Atlantis: The Lost Empire: Movie & DVD Review (2001)
A sputtering plot starts to hiccup
(Originally published 2001)
Directed by Gary Trousdale and Kirk Wise, written by Tab Murphy, 95 minutes, rated PG .
When compared to Disney’s best animated films, “Atlantis: The Lost Empire” doesn’t compare.
As directed by Gary Trousdale and Kirk Wise, the team behind “Beauty and the Beast” and “The Hunchback of Notre Dame,” their latest has a promising beginning and animation that effectively borrows from Japanese anime. But the moment the film dives 20,000 leagues under the sea in search of the mythic city Plato made famous, the plot starts to sputter, the characters begin to hiccup--and the movie itself begins to drown.

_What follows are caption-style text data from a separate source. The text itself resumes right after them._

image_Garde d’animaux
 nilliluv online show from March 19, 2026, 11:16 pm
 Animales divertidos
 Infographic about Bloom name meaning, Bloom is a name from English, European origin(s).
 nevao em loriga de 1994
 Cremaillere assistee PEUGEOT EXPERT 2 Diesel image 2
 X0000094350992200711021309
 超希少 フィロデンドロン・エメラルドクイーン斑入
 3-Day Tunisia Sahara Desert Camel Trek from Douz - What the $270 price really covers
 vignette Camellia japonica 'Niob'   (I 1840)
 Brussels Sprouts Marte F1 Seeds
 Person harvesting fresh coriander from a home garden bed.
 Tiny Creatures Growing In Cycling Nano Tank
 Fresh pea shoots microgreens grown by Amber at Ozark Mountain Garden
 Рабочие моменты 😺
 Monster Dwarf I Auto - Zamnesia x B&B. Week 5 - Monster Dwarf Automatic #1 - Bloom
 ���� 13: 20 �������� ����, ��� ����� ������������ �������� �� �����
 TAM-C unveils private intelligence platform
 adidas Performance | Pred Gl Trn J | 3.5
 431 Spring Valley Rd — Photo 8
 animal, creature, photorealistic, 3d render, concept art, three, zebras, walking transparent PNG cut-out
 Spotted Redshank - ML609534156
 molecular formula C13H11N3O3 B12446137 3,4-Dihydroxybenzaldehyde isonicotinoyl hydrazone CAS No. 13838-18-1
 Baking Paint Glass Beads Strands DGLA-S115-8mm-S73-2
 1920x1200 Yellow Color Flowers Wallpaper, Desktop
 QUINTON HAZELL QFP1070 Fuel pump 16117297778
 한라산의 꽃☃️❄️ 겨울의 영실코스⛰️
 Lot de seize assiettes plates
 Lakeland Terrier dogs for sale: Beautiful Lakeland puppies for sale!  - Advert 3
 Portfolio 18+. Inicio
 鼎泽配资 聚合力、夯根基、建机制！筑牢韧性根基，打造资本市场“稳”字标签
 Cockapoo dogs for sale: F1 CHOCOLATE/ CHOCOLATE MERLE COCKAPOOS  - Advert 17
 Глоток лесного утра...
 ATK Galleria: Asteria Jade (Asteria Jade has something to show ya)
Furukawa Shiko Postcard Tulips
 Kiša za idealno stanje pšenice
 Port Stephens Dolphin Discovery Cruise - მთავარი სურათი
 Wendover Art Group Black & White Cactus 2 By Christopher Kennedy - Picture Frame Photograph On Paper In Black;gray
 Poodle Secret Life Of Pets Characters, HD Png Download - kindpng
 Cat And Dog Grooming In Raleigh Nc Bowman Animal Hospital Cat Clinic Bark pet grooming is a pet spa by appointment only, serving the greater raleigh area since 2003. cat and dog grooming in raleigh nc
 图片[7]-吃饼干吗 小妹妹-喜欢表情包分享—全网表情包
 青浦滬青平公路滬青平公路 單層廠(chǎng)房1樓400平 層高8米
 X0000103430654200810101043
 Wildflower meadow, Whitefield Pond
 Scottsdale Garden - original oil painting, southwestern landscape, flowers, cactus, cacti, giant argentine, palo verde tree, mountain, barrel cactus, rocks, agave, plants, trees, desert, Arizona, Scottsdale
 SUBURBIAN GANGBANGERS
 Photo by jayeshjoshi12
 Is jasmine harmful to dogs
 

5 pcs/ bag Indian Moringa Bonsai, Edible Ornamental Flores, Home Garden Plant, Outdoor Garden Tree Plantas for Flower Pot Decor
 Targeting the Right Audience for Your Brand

The opening, which features Atlantis and its people being swallowed whole by the sea, is stirring and well done, but it will likely be confusing to younger viewers. Indeed, its characters initially don’t speak English, but a faux Atlantis language translated in subtitles. Though “Atlantis” is meant for older viewers, my screening was packed with the 7-and-under crowd, a good deal of whom kept looking to their parents for some idea of what was happening during the film’s first few rousing moments.
What’s more unfortunate is that when “Atlantis” does switch to English, parents of older, more sensitive children might find themselves doing some further explaining: “Atlantis: The Lost Empire” follows Disney’s “Aladdin” in that it mines much of its humor not from its situations, but from its racial and ethnic stereotypes.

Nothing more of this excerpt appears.